The Japanese yen continued to fall, reaching over 156 yen to the dollar, marking its lowest level in two weeks. This has raised concerns about potential intervention by Japanese authorities to support the currency.

Japanese Finance Minister Shunichi Suzuki stated that the government is working with the Bank of Japan to ensure consistent policy goals regarding foreign exchange. They are closely monitoring yen movements and taking all necessary measures in this regard.

Earlier this month, the yen saw a sharp rise after dropping to 160 yen to the US dollar due to suspected government interference. However, it has since given back about two-thirds of those gains as investors take advantage of the interest rate differential between Japan and other major economies.

The USD/JPY exchange rate has been on an uptrend, nearing its highest level since May 1st. Investors are focusing on upcoming US inflation data, with economists predicting stubbornly high inflation rates for April. If accurate, this would mean inflation remains above the US Federal Reserve’s target of 2%.

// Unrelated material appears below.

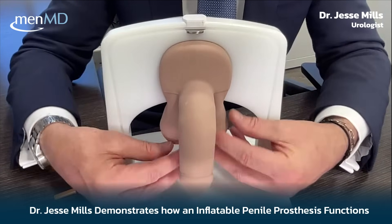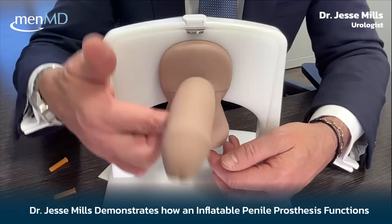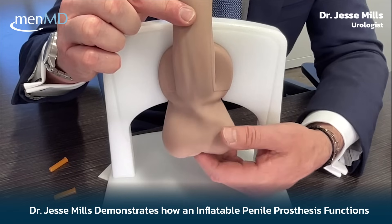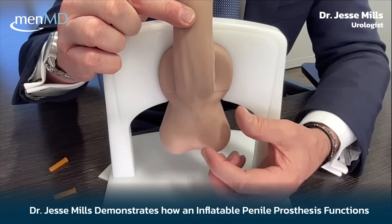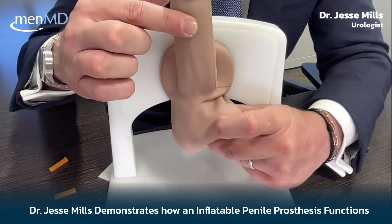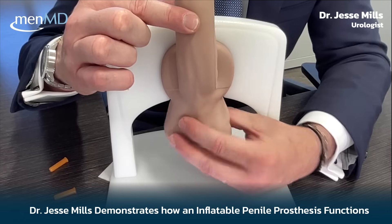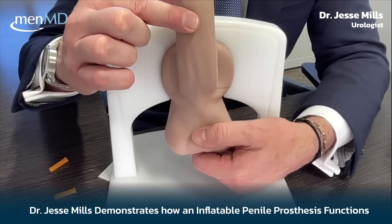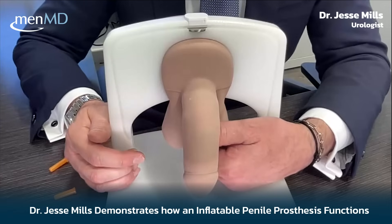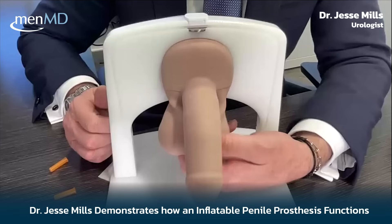The implant is fully in place and flaccid. This model has two testicles, just as most men do, and most implanters will place the pump right between the two testicles. You really don't see where that pump is, which is good — it's discreet, so you don't have to let anybody know you have a penile implant. If you really tighten up the scrotum and push it forward, you can see it here. It's smaller than a testicle, about the size of my thumb. This is all you need to think about when it's time to inflate your prosthesis. The reservoir is sitting up here, essentially at bladder level.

The US dollar/Japanese yen exchange rate will also be influenced by Japanese GDP numbers expected to show a contraction in the economy. This could put more pressure on the Bank of Japan as it deals with a weak yen.

Technical analysis shows that the USD/JPY exchange rate is on a strong upward trend, indicating unsuccessful interventions in the Japanese currency. The outlook remains bullish, with the next target at resistance 160.25.

Overall, the USD/JPY exchange rate is expected to be influenced by US inflation data and Japanese GDP numbers in the coming days.